▸ **Task directions**
Exactly the lines below from the line with "in Clarendon Buy" through the line with "117 Coyote Cave Lane Alvord TX 76225" must make up the answer, both ends included and pictures left out.

▸ **Source records**
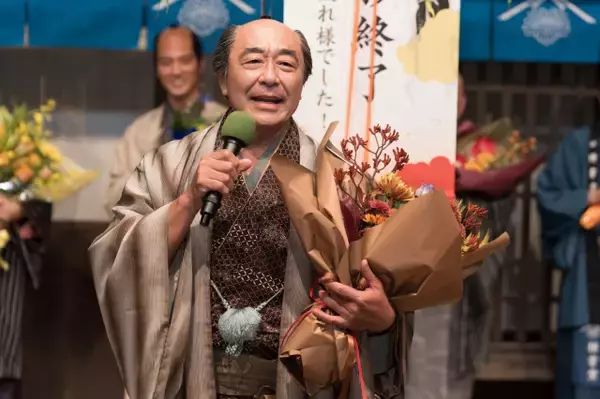 高橋克実「『べらぼう2』でお会いしましょう」　『べらぼう』クランクアップ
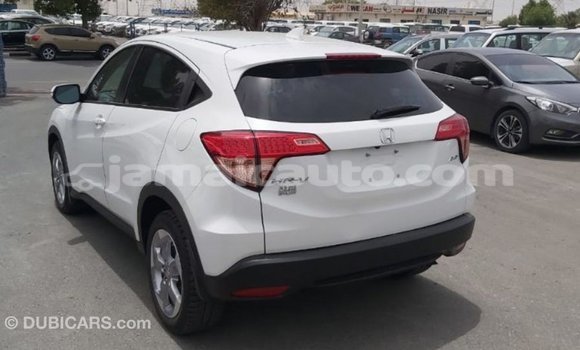 Buy Import Honda C White Bike in Import - Dubai in Clarendon Buy Import Honda C White Bike in Import - Dubai in Clarendon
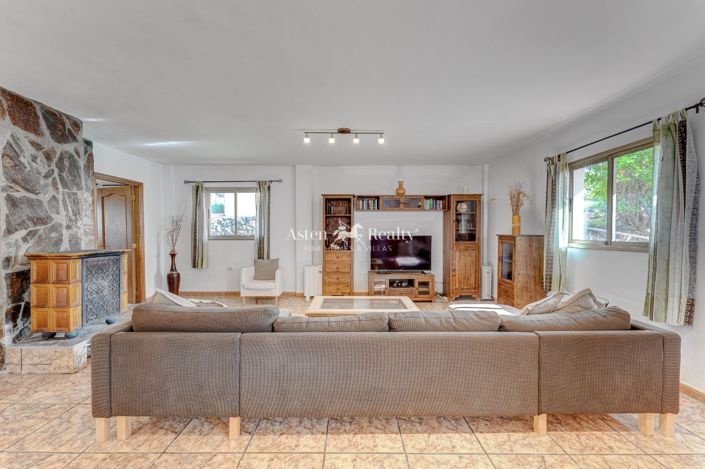 Image No.14-3 Bed Villa for sale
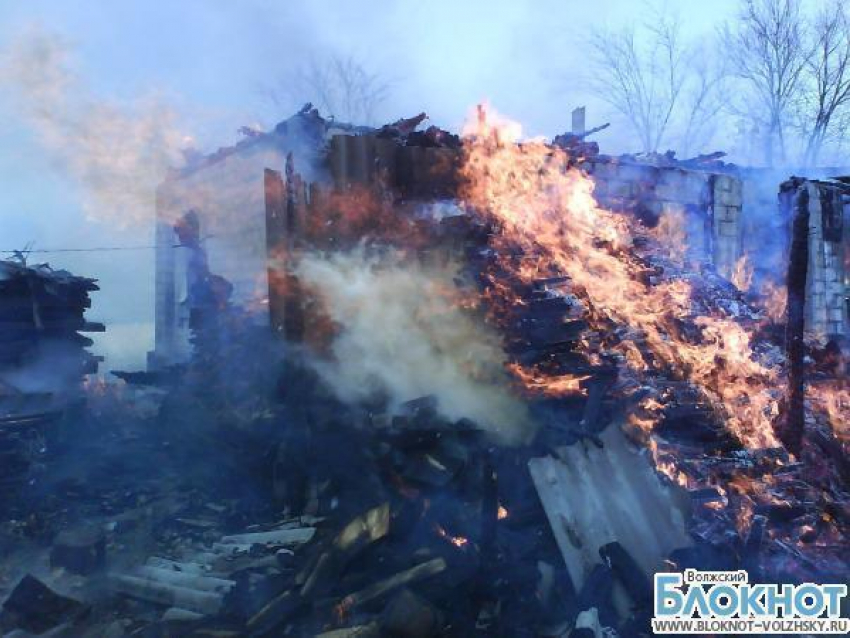 Погибший в Волгоградской области 3-летний мальчик не первый раз баловался спичками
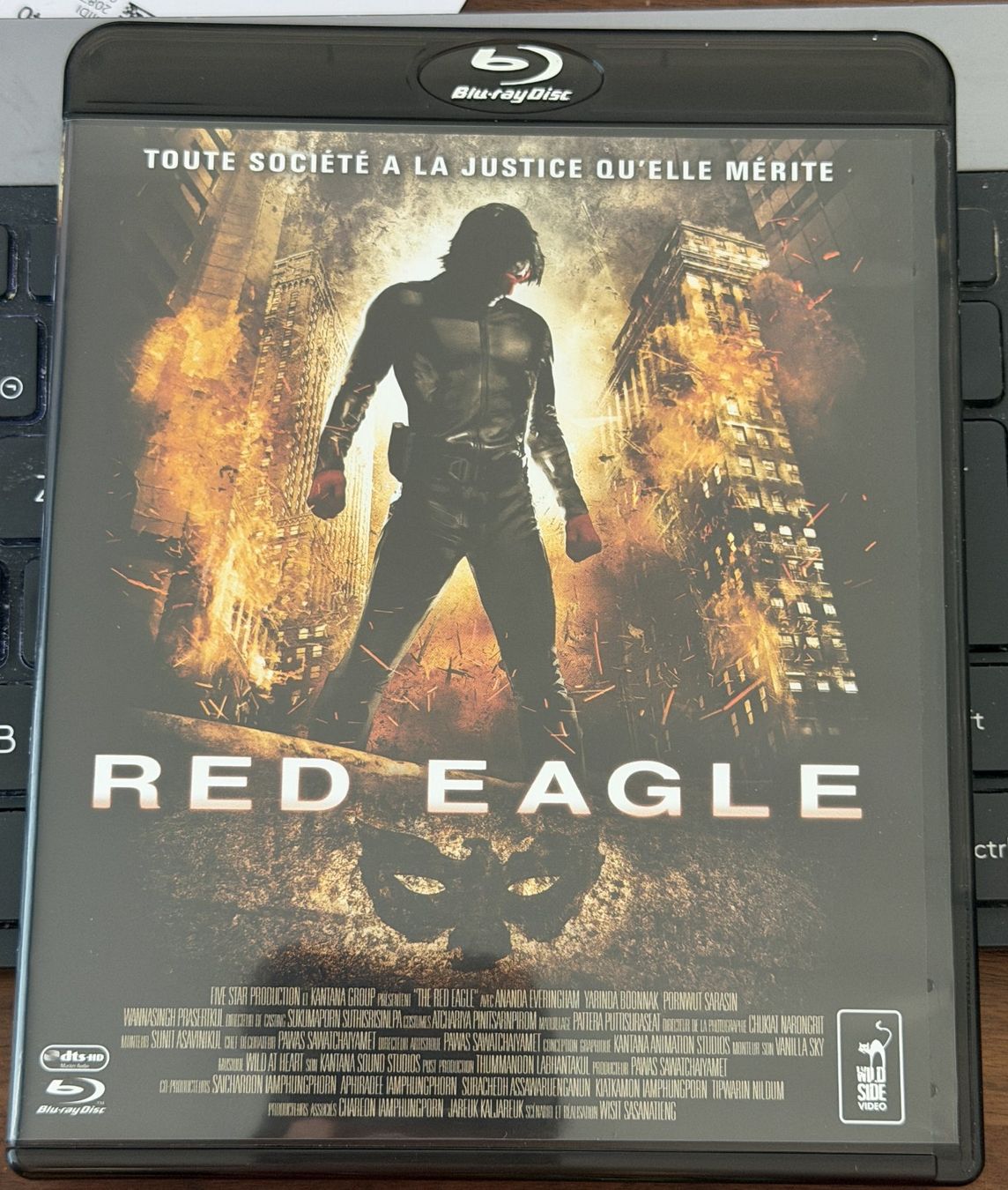 Tous les DVDs: Red Eagle (2010) - Blu-ray – D'occasion à Semsales par __Florian__ 1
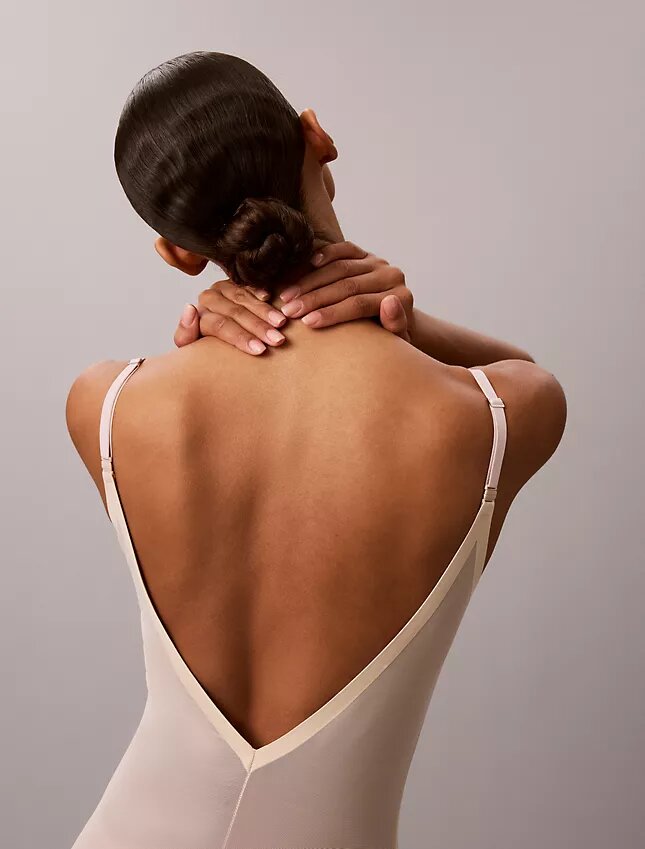Minimalistyczny body z siateczki sięgające do połowy uda Minimalistyczny body z siateczki sięgające do połowy uda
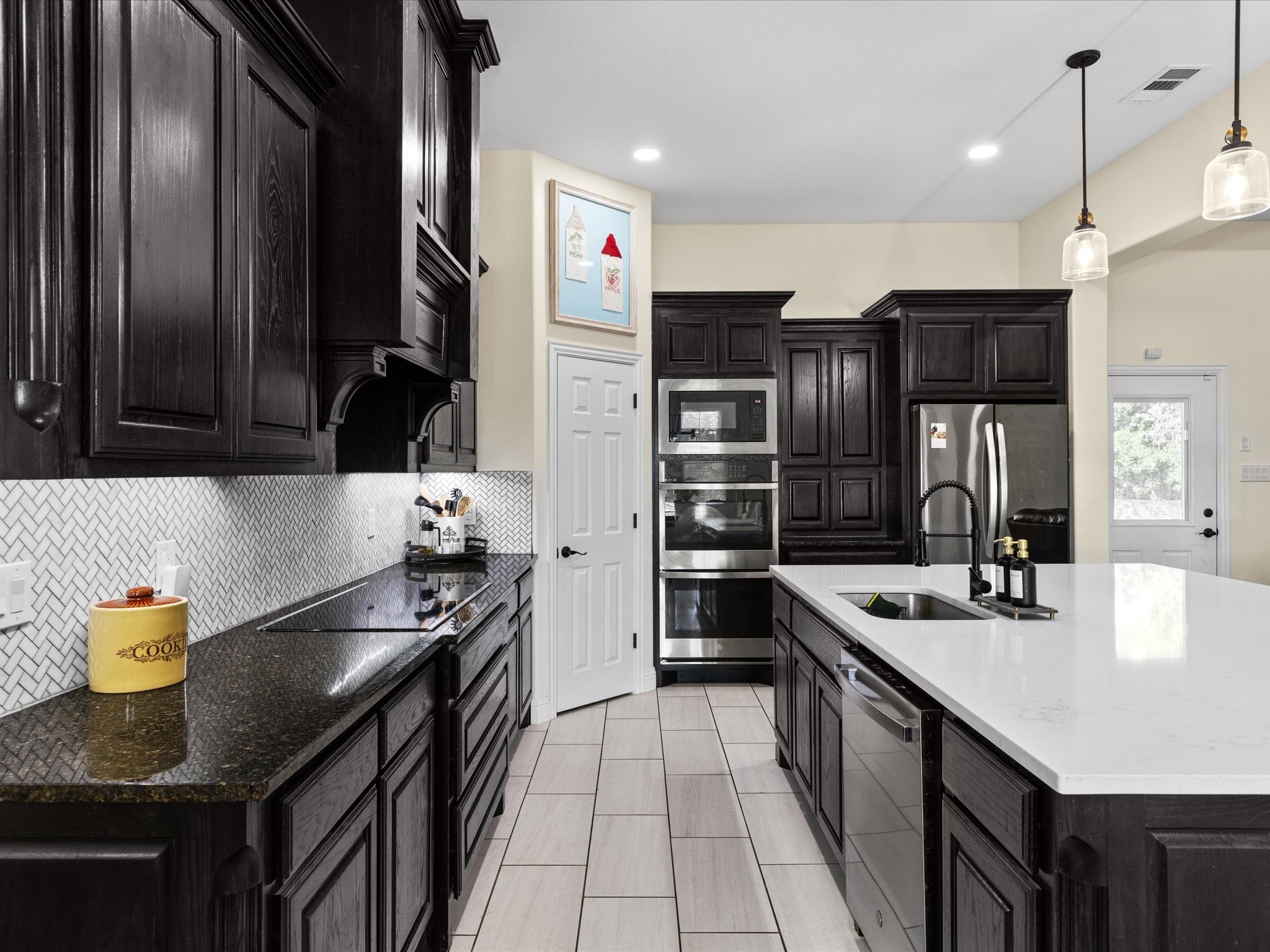 117 Coyote Cave Lane Alvord TX 76225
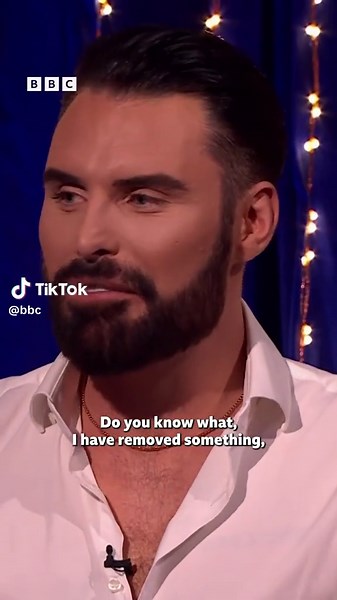 Ever wondered what Rylan's Hinge looks like? MICHAEL MCINTYRE’S BIG SHOW: Big laughs, big stars and big surprises. Michael's up to mischief with a host of celeb guests, whether they're willing or not. It's feelgood family fun. #MichaelMcIntyre #Funny #Comedian #SendToAll #RylanClark #Throwback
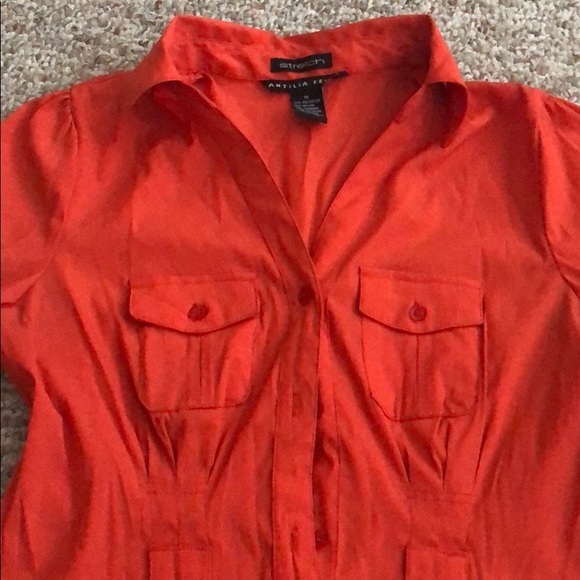 Beautiful button down - Picture 2 of 4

▸ **Problem solution**
 Buy Import Honda C White Bike in Import - Dubai in Clarendon Buy Import Honda C White Bike in Import - Dubai in Clarendon
 Image No.14-3 Bed Villa for sale
 Погибший в Волгоградской области 3-летний мальчик не первый раз баловался спичками
 Tous les DVDs: Red Eagle (2010) - Blu-ray – D'occasion à Semsales par __Florian__ 1
Minimalistyczny body z siateczki sięgające do połowy uda Minimalistyczny body z siateczki sięgające do połowy uda
 117 Coyote Cave Lane Alvord TX 76225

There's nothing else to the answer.